The insert needs an Intent Exclusive(IX) lock on the table and will acquire exclusive locks on individual rows. X locks and IX locks are not compatible, and so the two cannot access the table at the same time. See the lock compatibility chart in the Info Center if you need to check the compatibility of two (or more) locks.

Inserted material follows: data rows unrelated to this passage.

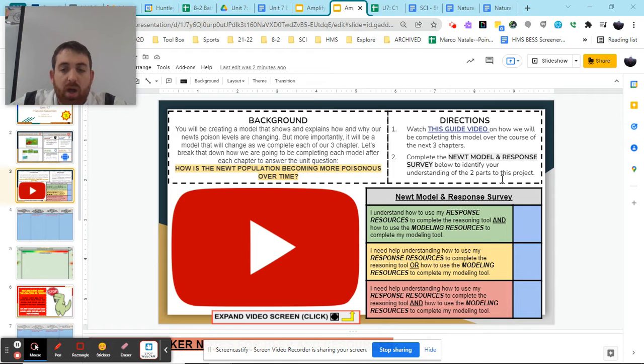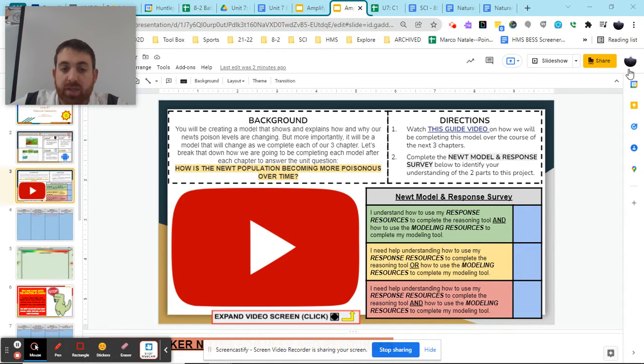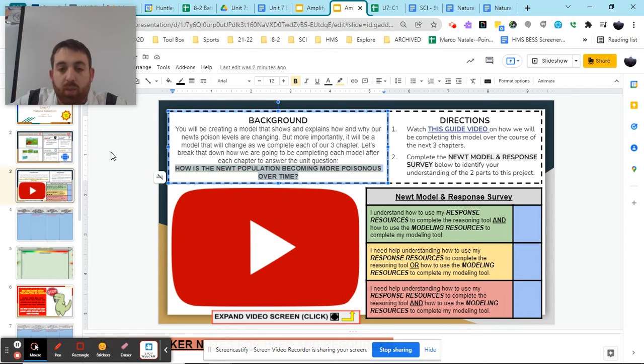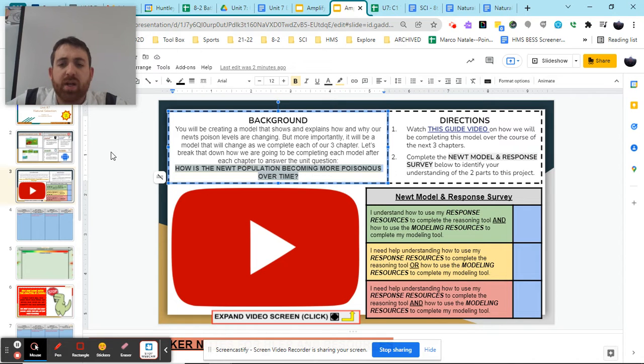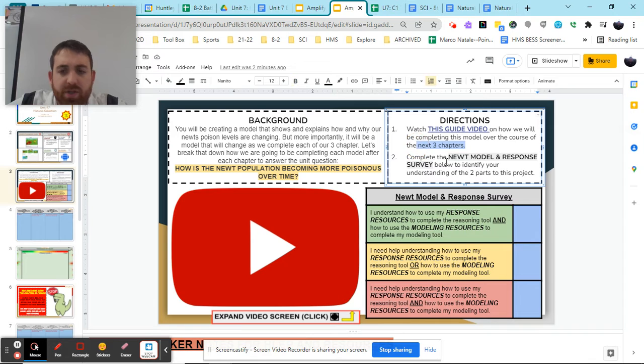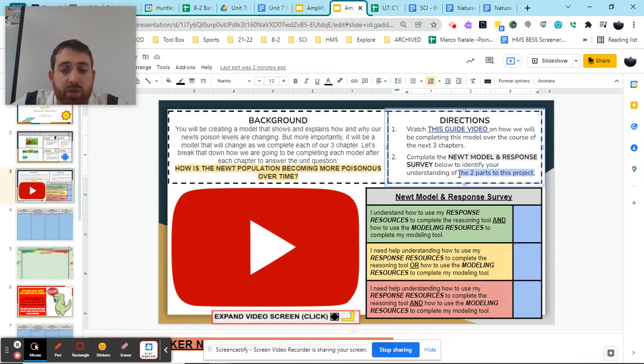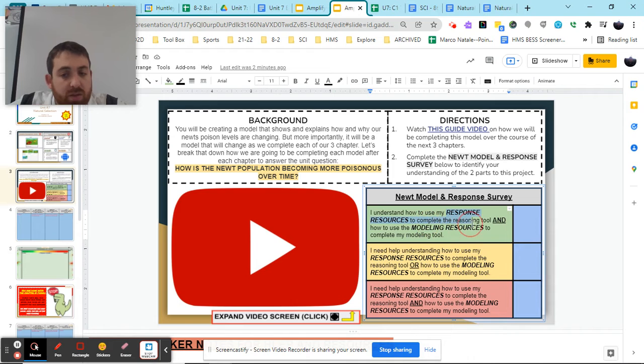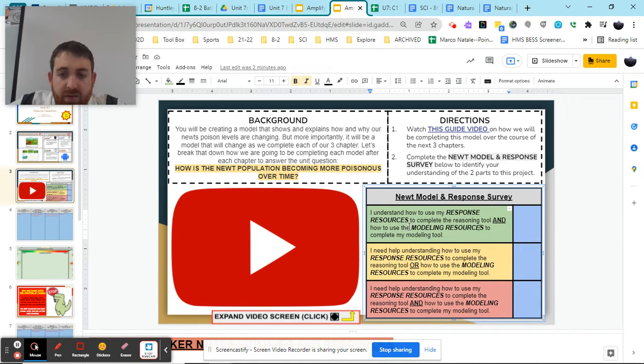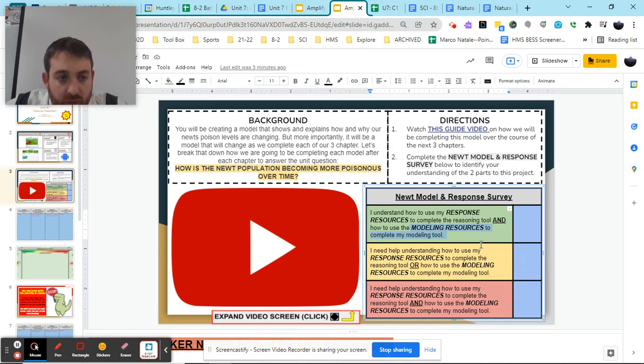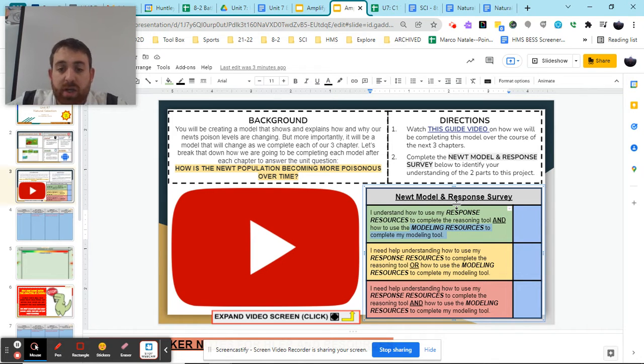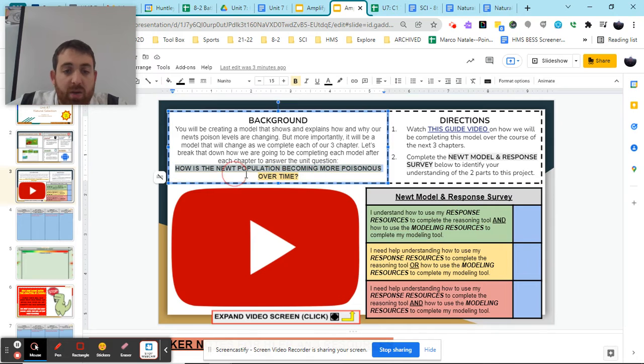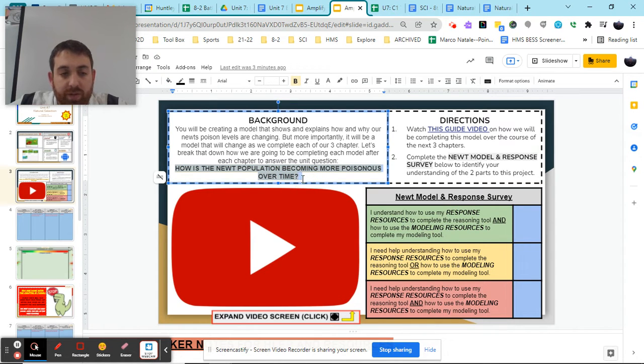So for each part, chapter one, chapter two, and chapter three, we are focusing on this question here, this big unit question: How is the newt population becoming more poisonous over time? And we're going to be answering that question at the end of each of our three chapters, and we're going to be doing that using two specific parts.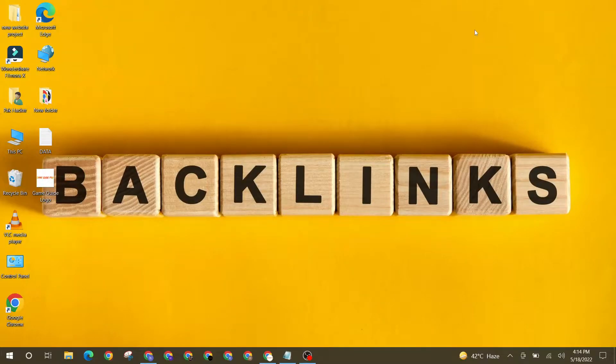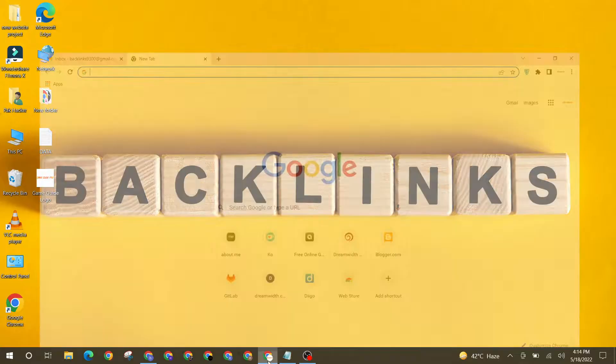Hello friends. Welcome to our YouTube channel LinkoBuild. Today I'm going to teach you how to create a profile backlink on dgo.com.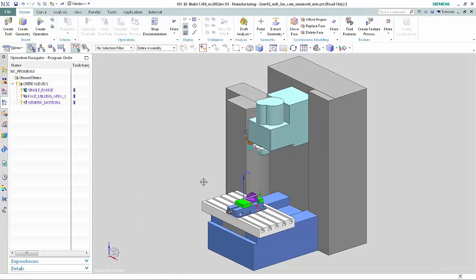This concludes the demonstration of the Post Configurator enhancements that enable you to use an integrated TCL editor to more quickly edit and validate TCL code. Thank you.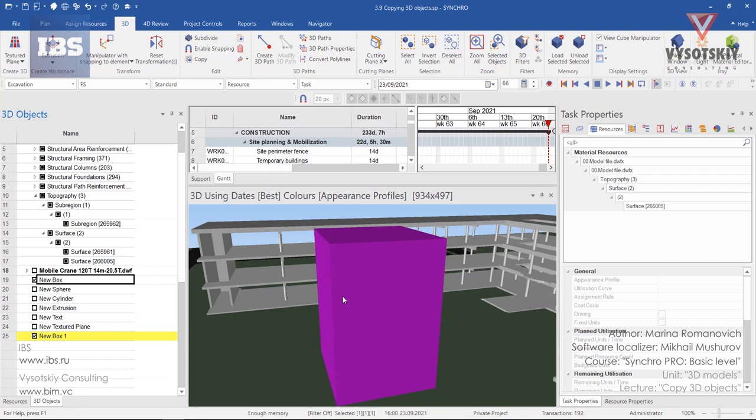We don't see any changes since with the copied element all coordinates were copied along, therefore we need to translate our newly copied box to a new position.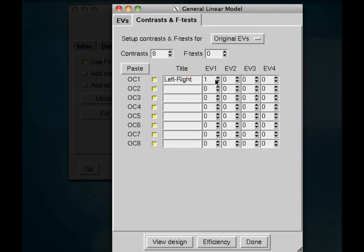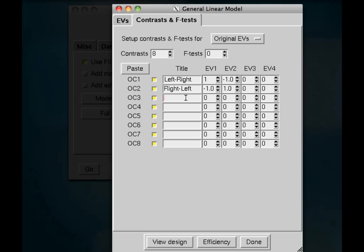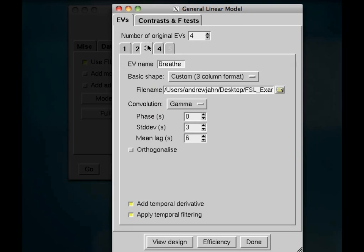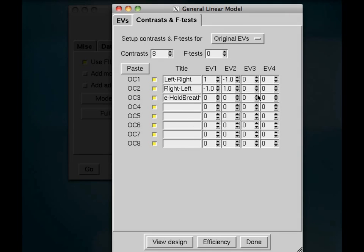And these other ones can be left at 0. So same thing, I might want to look at the opposite contrast, just to have all my bases covered, and I would assign the opposite weights. Now, let's see here with breathe minus hold breath. Breathe was 3, hold breath was 4. So breathe minus hold breath is going to be 1 in the EV3 column and negative 1 in the EV4 column. And same thing over here.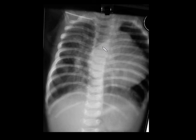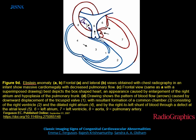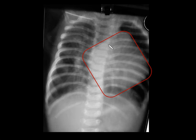Coming to the next case, you can see the box-shaped heart seen in Ebstein's anomaly — congenital tricuspid regurgitation causing enlargement of the right atrium and hypoplasia of the pulmonary trunk. There is downward displacement of the tricuspid valve causing atrialization of the ventricle. The dilated right atrium with tricuspid regurgitation and right ventricular enlargement gives this classical box-shaped heart. Remember box-shaped heart in Ebstein's anomaly.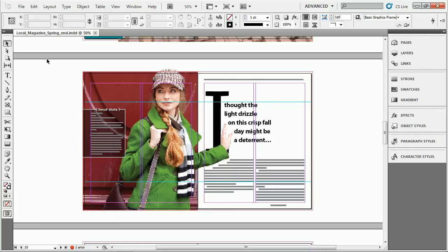All right, let's take a look at a quick thing that I think a lot of us want to turn off. In InDesign, if you're in InDesign CS5,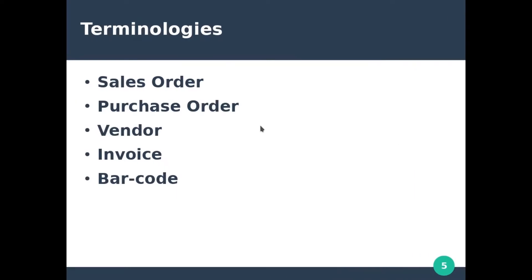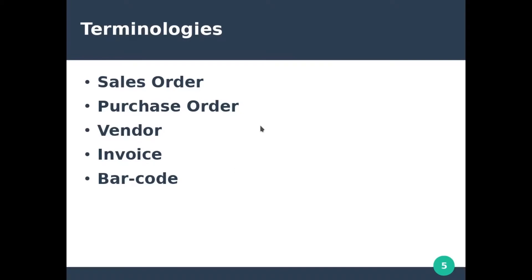Hi, welcome back. In the last session we discussed how the inventory manager system works. In this section, we are going to be discussing some inventory manager system terminologies. Most inventory management systems have some terms in common, and that is what we'll be discussing now.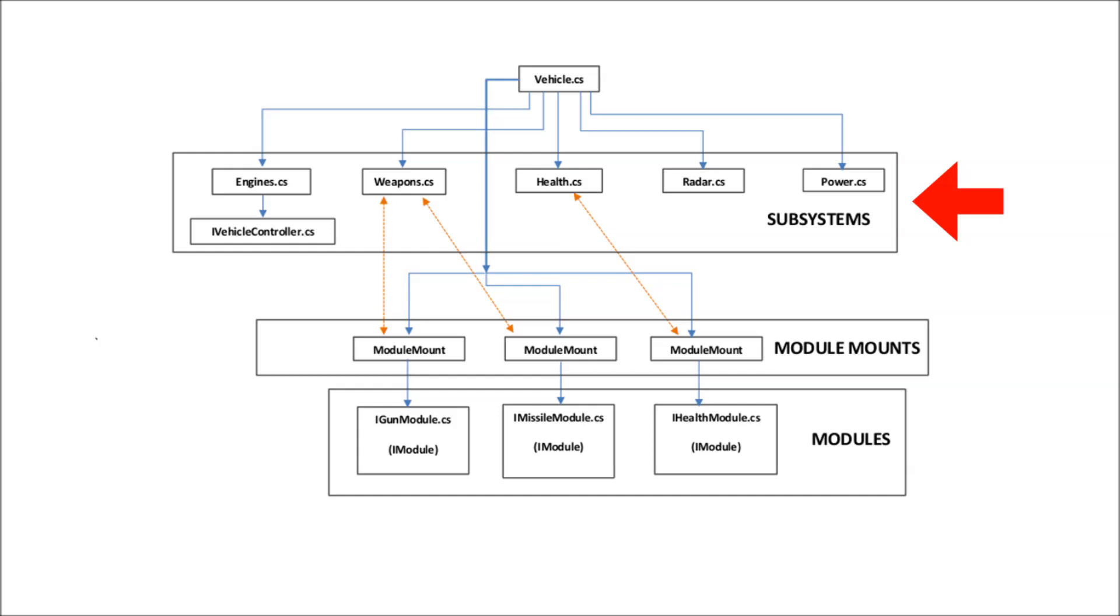But the other thing that subsystems provide is the ability to affect a vehicle at the level of specific types of functions, for example with power distribution or targeting specific subsystems on an enemy ship to fulfill mission objectives.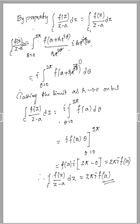This is Cauchy's integral formula. I hope you all understood the derivation. If you liked this video, kindly subscribe to my channel and press the like button. Thank you all.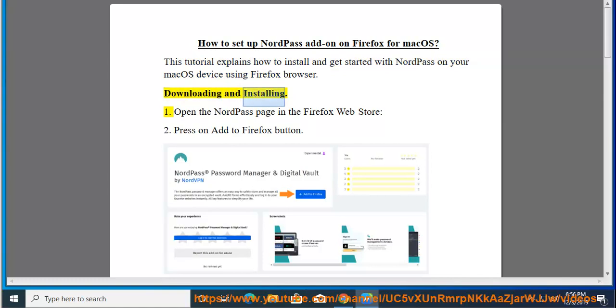Downloading and installing. Step 1: Open the NordPass page in the Firefox Web Store.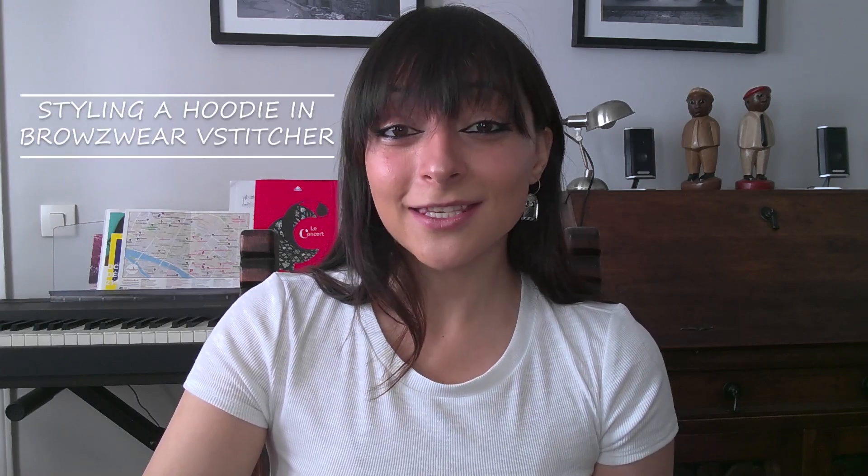Hello again, this is Afsha and today I want to let you in on one of my best kept styling secrets in 3D fashion, the right way to styling a hoodie in Browzwear V-Stitcher.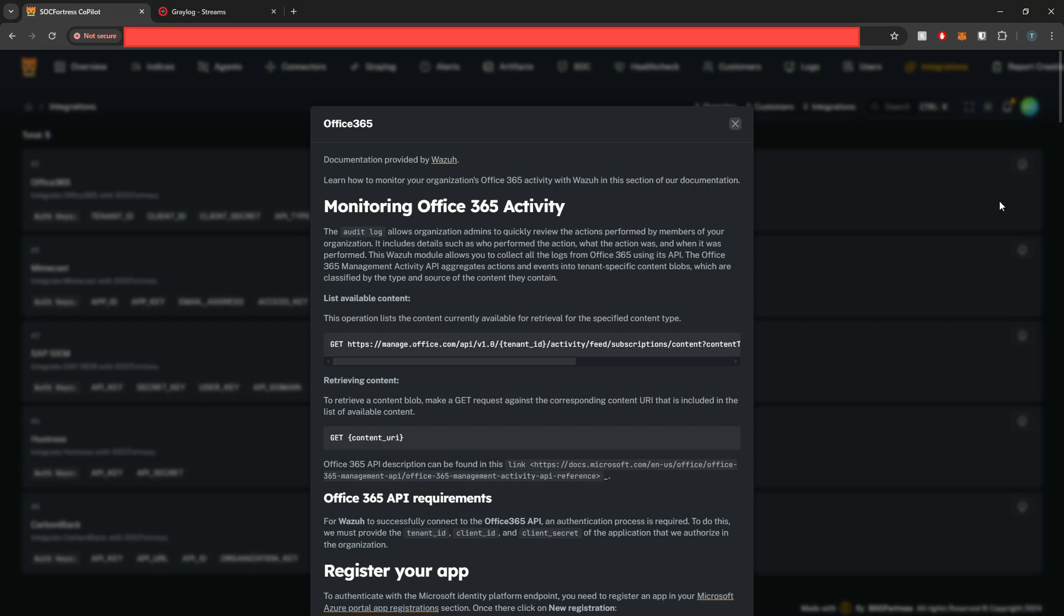and to also apply the appropriate Greylog pipeline and stream rules. We'll also create our Office 365 index, and then we'll also provide you with the Grafana dashboards. So stick around and let's jump into it.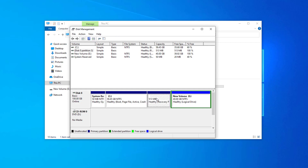In this case there is a system recovery partition, so I won't be able to extend the C drive. I could also delete the new volume E to create unallocated disk space, but I still won't be able to extend C drive because there is a system recovery partition in between them. So you would have to delete both partitions to create unallocated disk space.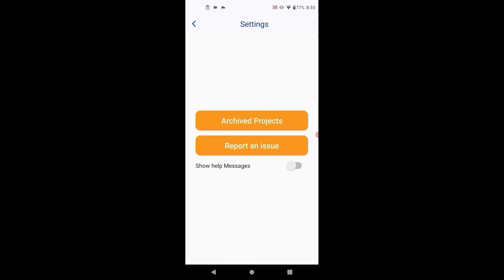In settings, you can choose to store the data on the SD card or save to your preferred cloud service. We currently support Google Drive, Dropbox, Microsoft OneDrive, and Box. We also allow you to easily report an issue from within the app via email.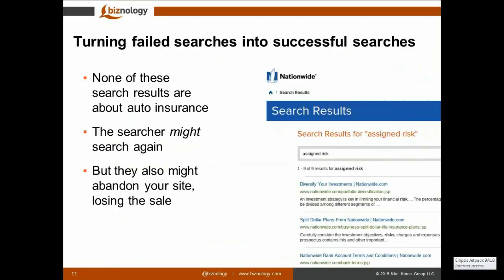What we really want to do is measure how unsuccessful — failed — searches can be reduced. It's possible the searcher will search again, and if they do, we can check whether the second search produced results, a click, or a conversion. We can't count what works, but we can count what doesn't work. By counting failed searches, improving our website search, and then measuring how those failures are reduced, those failed searches turn into successful searches — producing results, clicks, and most importantly, conversions.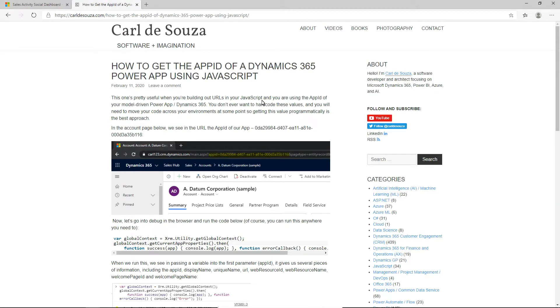That function is part of the XRM utility global context and it is called Get Current App Properties.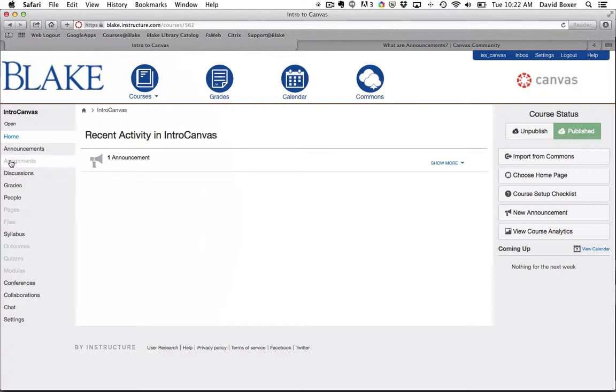I'm going to start with chat and disable it. Then collaborations, conferences, modules, quizzes, outcomes, and syllabus - I'm going to disable all of these.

In an e-commerce database during regular operation, we NEVER expect to see an exclusive table lock. That immediately made me think of Lock Escalation, and so looking at db2diag.log, we found:
2013-01-18-12.16.34.057220-360 E82054608E917 LEVEL: Warning PID : 32104 TID : 47614489782592PROC : db2sysc 0 INSTANCE: db2inst1 NODE : 000 DB : SAMPLE APPHDL : 0-50232 APPID: 126.96.36.199.59586.13011817552 AUTHID : WSCOMUSR EDUID : 8208 EDUNAME: db2agent (SAMPLE) 0 FUNCTION: DB2 UDB, data management, sqldEscalateLocks, probe:1 MESSAGE : ADM5501I DB2 is performing lock escalation. The affected application is named "db2jcc_application", and is associated with the workload name "SYSDEFAULTUSERWORKLOAD" and application ID "188.8.131.52.59586.13011817552" at member "0". The total number of locks currently held is "1249935", and the target number of locks to hold is "624967". The current statement being executed is "delete from DMEXPLOG where CREATED < ?".
There it is, our smoking gun. A delete was doing a table scan and locking up the whole of a table that every single transaction touches.
That delete is actually out-of-the-box Commerce code too.
WebSphere Commerce is actually pretty good at leaving deletes to be done at another time and simply marking rows for deletion. So our ongoing investigation will be in two directions:
- Why does this delete need to be done in real time? Can we work it into our dbclean/pruning process instead?
- There’s an index that will prevent the tablescan during the delete. We probably want to implement that index, though since this is an 88 million record table that every transaction seems to hit, we’re actually going to use a performance testing environment to test adding the index during a load test to see if adding the index itself causes any performance problems before we attempt it on production
Solving this problem was three major steps:
- Gather info that will disappear and then get the database functioning normally again
- Find the root cause of the problem
- Work on a long-term solution for the true problem
Note that the problem here is not one that is caused by DB2 itself or the DBMS. This is actually an application problem that manifests in the database. The application should probably not be doing that delete as a part of normal operation, and if it must, then an index needs to be added to support the delete.